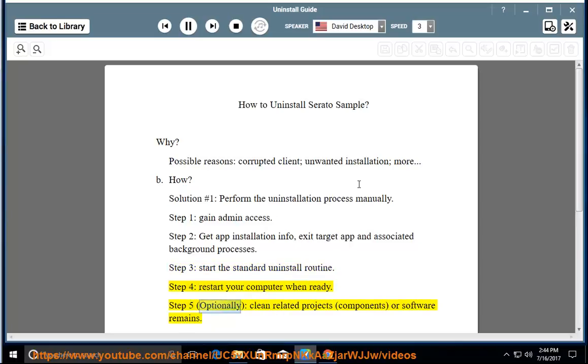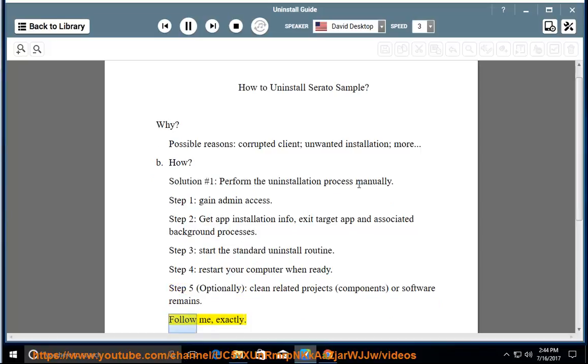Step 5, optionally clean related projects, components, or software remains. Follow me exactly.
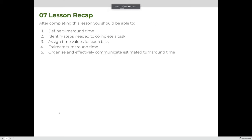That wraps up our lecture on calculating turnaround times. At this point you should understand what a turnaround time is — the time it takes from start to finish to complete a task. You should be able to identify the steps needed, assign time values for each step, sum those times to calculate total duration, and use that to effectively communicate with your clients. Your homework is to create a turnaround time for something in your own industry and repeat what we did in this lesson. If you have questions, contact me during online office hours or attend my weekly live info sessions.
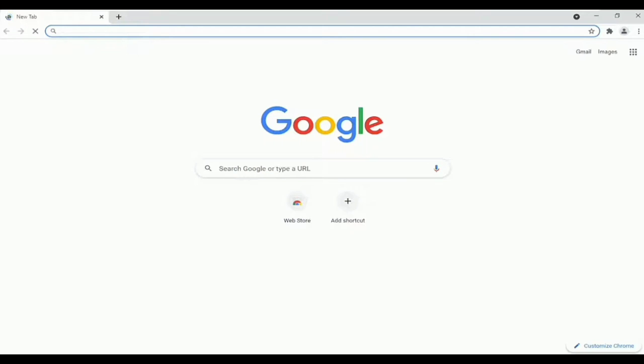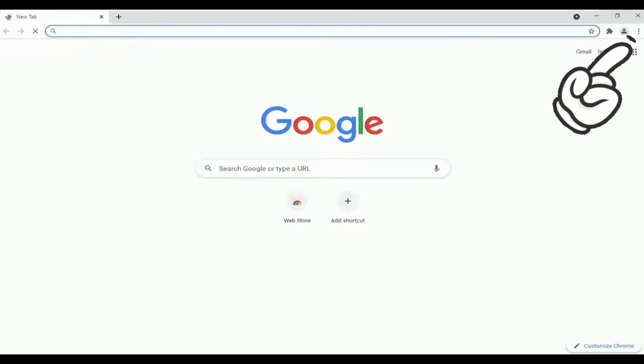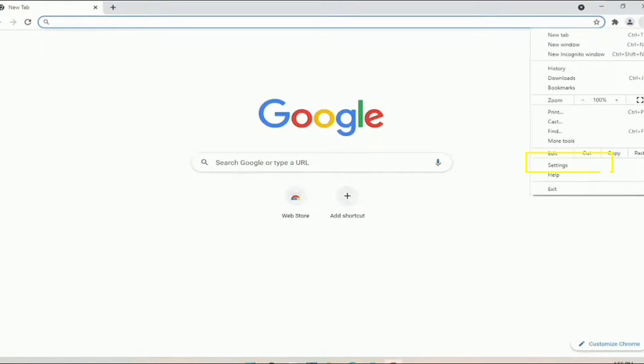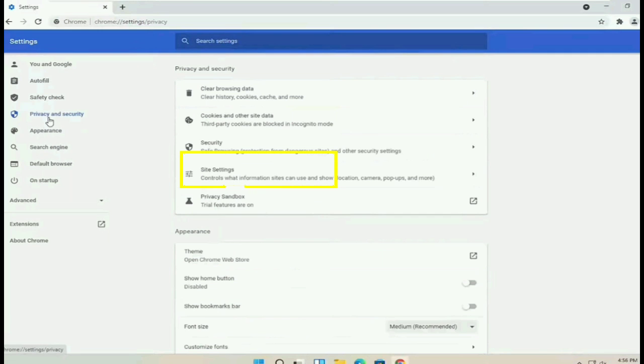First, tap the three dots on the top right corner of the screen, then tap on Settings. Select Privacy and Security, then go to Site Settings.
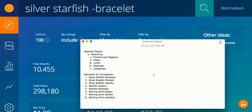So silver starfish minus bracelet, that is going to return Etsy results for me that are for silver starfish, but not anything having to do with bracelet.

What the task requires: Once the pictures have been removed, reproduce each line of the material above exactly.

Result for this task:
Step 5, optionally clean related projects, components, or software remains. Follow me exactly.
That wraps up our lecture on calculating turnaround times. At this point you should understand what a turnaround time is — the time it takes from start to finish to complete a task. You should be able to identify the steps needed, assign time values for each step, sum those times to calculate total duration, and use that to effectively communicate with your clients. Your homework is to create a turnaround time for something in your own industry and repeat what we did in this lesson. If you have questions, contact me during online office hours or attend my weekly live info sessions.
First, tap the three dots on the top right corner of the screen, then tap on Settings. Select Privacy and Security, then go to Site Settings.
So silver starfish minus bracelet, that is going to return Etsy results for me that are for silver starfish, but not anything having to do with bracelet.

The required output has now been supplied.